And one of the main reasons why women are routinely deferring childbirth is because of the commitment-phobic men they are with. Why do young men no longer feel that having a family is a life goal? Is it ignorance, arrogance or immaturity that prompts them to put it off, despite knowing their girlfriends and wives have a limited window of fertility?

Yet studies show men over 40 are only half as likely to get their partners pregnant as men under 25 – and not only is the miscarriage rate higher, there are worrying links between paternal age and increased incidence of schizophrenia and autism.

That's why it's high time we busted the myth that men have all the time in the world. For every Mick Jagger sowing his wild oatage into his dotage – his last son was born when he was 73 – there are scores struggling with an inability to father a child.

In 2017, researchers in Israel and the US sparked alarm with data that revealed sperm counts among men living in Western countries had fallen by a staggering 59.3 per cent in the last 40 years. Smoking, stress, obesity, pollution and exposures to chemicals in plastics are all thought to have played a part. Even where there is still sperm, as it ages it becomes less healthy, less motile and is more likely to result in foetal abnormalities.

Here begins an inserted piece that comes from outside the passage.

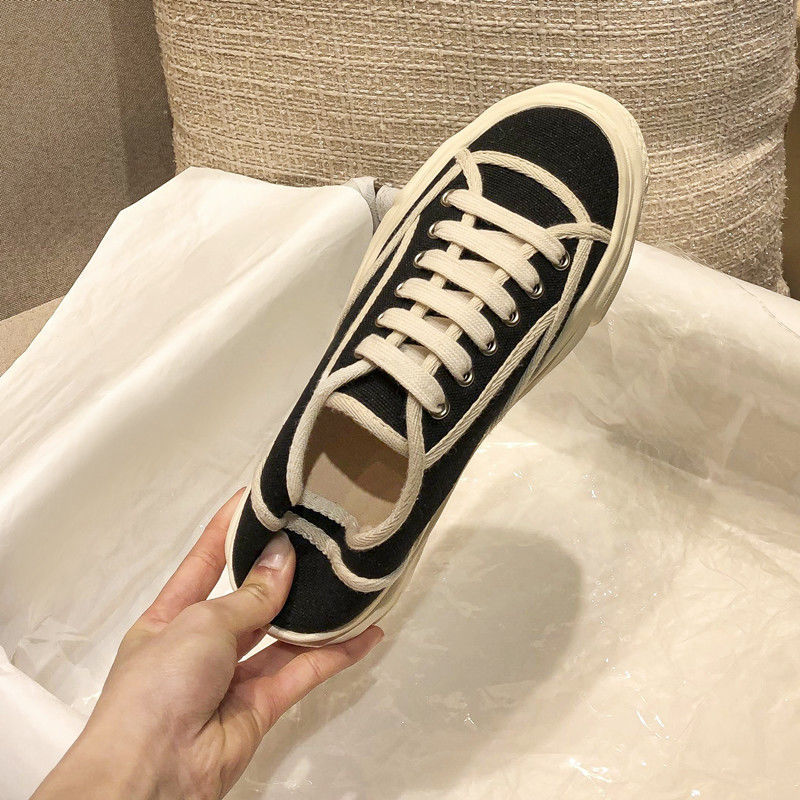 Giày lười vải canvas đế bằng không gót thời trang mùa hè hàng mới dành cho bạn nữ 2021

But it's a taboo that we seldom talk about. Fertility is still seen as a women's issue, even though data from the UK government's Human Fertilisation and Embryology Authority, which regulates treatment, last year found the most common reason for a couple to seek treatment was male fertility problems.

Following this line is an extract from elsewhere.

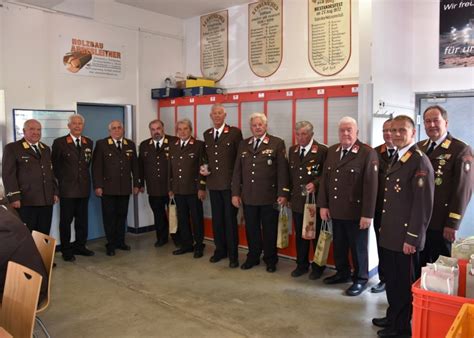 Bereichsfeuerwehrverband M Rzzuschlag Ehrung Der Feuerwehr Senioren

I have met plenty of kidult thirty-something and, indeed, forty-something men, bleating that they aren't ready to settle down, aren't prepared for parenthood, have so much travelling to do and so many box sets to watch before they can even begin to contemplate bringing a child into the world. That is a perfectly valid opinion. Lack of job security and an inability to get on to the housing ladder also play a part in delaying a family. Unfortunately, men's head-in-the-sand approach can rob  women of a chance to conceive.

"I feel so angry that my last boyfriend took the best years of my life," a girlfriend tells me. "He kept stalling about having a baby until, finally, I lost patience, and when he didn't respond to an ultimatum, I left him because I was 38 and running out of time."

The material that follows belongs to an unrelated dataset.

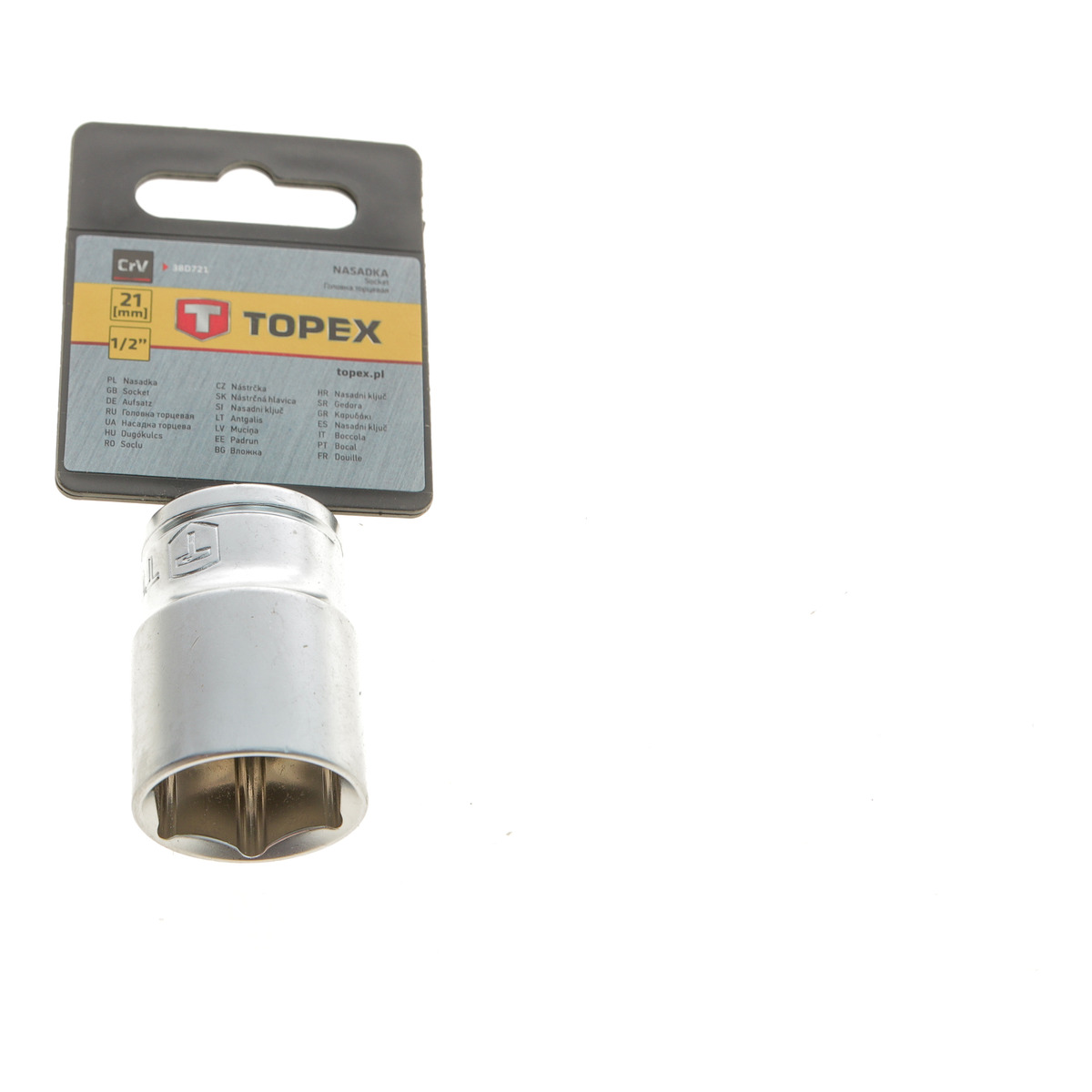 Головка торцева 1/2" 21 мм TOPEX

She is now 43, still single and childless. Her ex had a son almost immediately with his new girlfriend and is now married with three children.

"I feel used," my friend says. "If he didn't want kids with me, he should have been honest. His cowardice has cost me any chance of happiness."

That might sound dramatic, but the psychological agony of involuntary childlessness is hard to bear. I went through seven years of IVF to have my family, and it was tough. My husband and I feel blessed to have my two daughters – but was age a factor in our infertility? Quite possibly. I was 35 when we underwent treatment, and he was 41.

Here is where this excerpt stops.